Perhaps they will be able to enlighten you
as to some of the differences between metals 
and wax.


----------



## Joel

Great posts!! Incredible information and very interesting and mind expanding reading (at least for my little mind). A simple solution would seem to take 6 candles from the same batch of wax freeze 1/2 and allow to return to room temperature. Now light all as well as a couple of additional candles from a different batch as a control group. Lets see if in fact the frozen candles burn longer and if so is the extra time enough to be of any value. At this point lets work backwards listing all the possible explanations and then by the process of elimination narrow the field until we reach a solution. If the frozen candles don't burn longer then the rest is academic. Or we could just contact Root and see what they say!


----------



## Beesuke

>I can offer you one citation.

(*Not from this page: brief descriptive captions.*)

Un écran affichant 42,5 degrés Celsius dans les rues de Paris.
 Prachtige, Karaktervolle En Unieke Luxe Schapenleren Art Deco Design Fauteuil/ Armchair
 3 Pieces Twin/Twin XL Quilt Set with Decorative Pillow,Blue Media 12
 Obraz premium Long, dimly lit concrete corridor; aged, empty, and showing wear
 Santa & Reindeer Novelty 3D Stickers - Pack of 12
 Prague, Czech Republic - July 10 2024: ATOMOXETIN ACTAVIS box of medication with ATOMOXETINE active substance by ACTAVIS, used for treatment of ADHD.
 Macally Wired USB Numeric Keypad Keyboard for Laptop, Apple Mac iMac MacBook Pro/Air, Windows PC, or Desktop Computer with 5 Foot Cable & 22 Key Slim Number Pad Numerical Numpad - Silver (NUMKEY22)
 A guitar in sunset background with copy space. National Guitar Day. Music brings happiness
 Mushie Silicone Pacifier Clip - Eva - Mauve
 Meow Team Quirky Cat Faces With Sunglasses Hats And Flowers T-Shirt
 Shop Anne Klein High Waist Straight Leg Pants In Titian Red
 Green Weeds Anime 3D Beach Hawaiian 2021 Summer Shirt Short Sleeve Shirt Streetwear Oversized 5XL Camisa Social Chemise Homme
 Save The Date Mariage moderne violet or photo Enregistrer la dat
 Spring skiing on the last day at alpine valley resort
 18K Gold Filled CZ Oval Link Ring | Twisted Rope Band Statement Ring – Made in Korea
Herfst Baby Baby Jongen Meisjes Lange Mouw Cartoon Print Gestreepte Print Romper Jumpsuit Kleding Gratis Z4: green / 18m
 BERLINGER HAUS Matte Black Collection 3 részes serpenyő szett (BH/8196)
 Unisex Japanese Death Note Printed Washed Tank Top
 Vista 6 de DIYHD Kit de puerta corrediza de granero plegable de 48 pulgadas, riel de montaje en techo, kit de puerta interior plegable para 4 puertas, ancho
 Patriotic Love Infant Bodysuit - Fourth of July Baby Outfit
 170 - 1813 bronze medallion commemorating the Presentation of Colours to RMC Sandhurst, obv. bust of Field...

This book
should answer your questions, and refute your
speculative argument as applied to wax.

>Root, H.H. (1951) 
"Beeswax: Its Properties, Testing, Production and Applications"

Have you read it? Do you own it? If so, can you cite here text that supports your claim that wax does not change it's crystaline structure with temperature.

Here's an idea - why not do your OWN homework,
and actually find out what is "possible in 
principle", by asking someone who is an actual 
wax chemist at an actual candle company?

Sir, I did not make any claims that need to be supported, so it is not me that needs to do homework. You say with certainity that something DOES NOT happen, so it is you that have to support your claims in order they to be beleived. On the other hand, neither me nor Mr.Bush claimed that wax DOES change its crystaline structure. (In fact Mr.Bush said several times that he rather beleives it doesn't). We simply state that it MIGHT, as so many other substances do.


----------



## Jim Fischer

> Have you read it?

Yes.

> Do you own it?

Sadly no, it was a borrowed copy.

> If so, can you cite here text that supports 
> your claim...

You wanted a citation, you have it.
Now you also want quotes?
Next, you'll want me to buy you a copy of the book!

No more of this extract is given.